Aphex Twin - Computer Controlled Acoustic Instruments pt2 EP

by Ethan Ranis Rating:9 Release Date:2015-01-23

It’s a period of glasnost for Aphex Twin. After years of relative subrosa activity, Richard D James emerged with a new LP, Syro, seemingly out of the blue, and promised that he had veritable archives worth of material that he was preparing for release as follow-ups. What’s more, he actually gave apparently honest, somewhat heartfelt interviews to the press (in the past, he’d make outrageous claims, such as declaring that he didn’t listen to anyone else’s music). He even listed all the various instruments he’d used on Syro’s cover.

All this goes to say that I’m inclined to take the title of this new EP, Computer Controlled Acoustic Instruments pt2, at face value (despite the fact that there’s no evidence of a pt1 to be found). You’d be forgiven for thinking this was a companion piece to Syro, given the similar covers, garbled titles, and proximity of release. However, the only real tie between the two might be ‘aisatsana’, Syro’s closing instrumental, which was actually a field recording of a piece being played back on a Disklavier as it swung back and forth, suspended by steel cables in midair.

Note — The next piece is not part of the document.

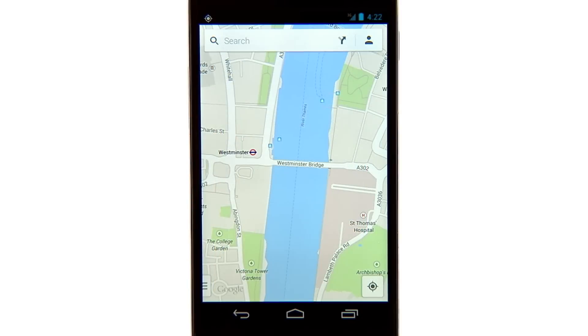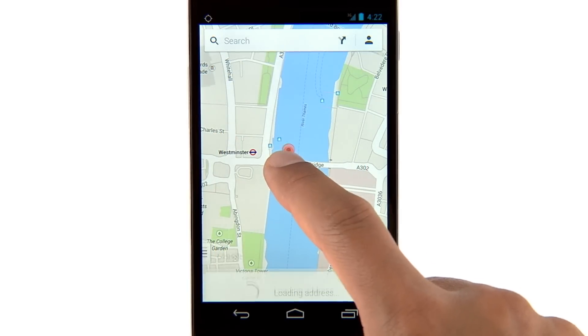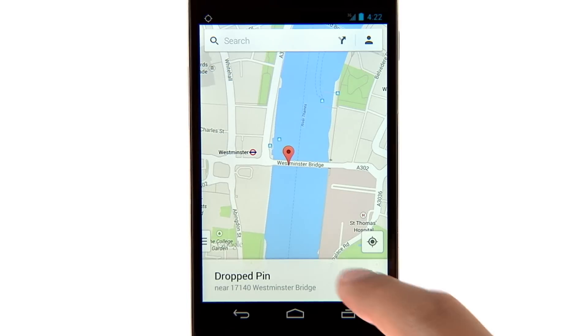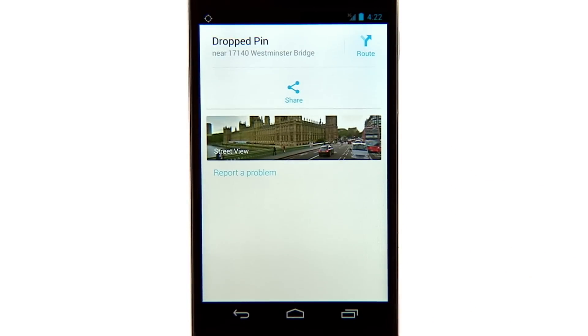You can also access Street View from a street location. Press and hold a location on the map to drop a pin. Pull up the info sheet to find Street View.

Computer Controlled Acoustic Instruments similarly deals in acoustic instruments that have been oddly detuned or prepared, until they sound somewhat alien. Presumably, James hooked these instruments up to some MIDI method of playing them (his collaboration with Chris Cunningham, 'Monkey Drummer' comes to mind) and then programmed in a bunch of sequences to create the music here. The shorter pieces here feel like particular evidence of this, such as ‘snar2’s dopplering snare roll, and the scrambling arpeggios of ‘disk aud1_12’, which sound to some extent like proofs of concept.

All questions of method aside, the music here is pretty much unique. It sounds a bit like Rain Dogs-era Tom Waits decided to hire a funk band instead of a rock one, then had them play ominously groovy instrumentals. The detuned percussion and piano have a dank, back-alley vibe that just sounds undeniably cool and somewhat jazzy. James’s signature impish sense of humor is also on full display here, particularly on ‘disk prep calrec2 barn dance [slo]’ which sounds like a dance track that has been slowed to a dirge-like crawl, more reminiscent of Selected Ambient Works II than anything on Syro

The shorter pieces and a pretty ambient piano interlude (‘piano un10 it happened’) provide effective palate cleansers. The undeniable highlights, though, are the full ‘band’ tracks, such as ‘diskhat1,’ which has a rollicking energy, as if an old-timey piano hall spontaneously transformed into a giant robot and went for a stroll.

As you can tell by these descriptions, this EP is almost certainly like nothing else you will hear this year. In typical Aphex fashion, it’s completely sui generis, yet totally funky and listenable. Syro could be accused of playing it a bit safe; this is much more like the real deal. Welcome back, Aphex Twin.  Please continue to innovate.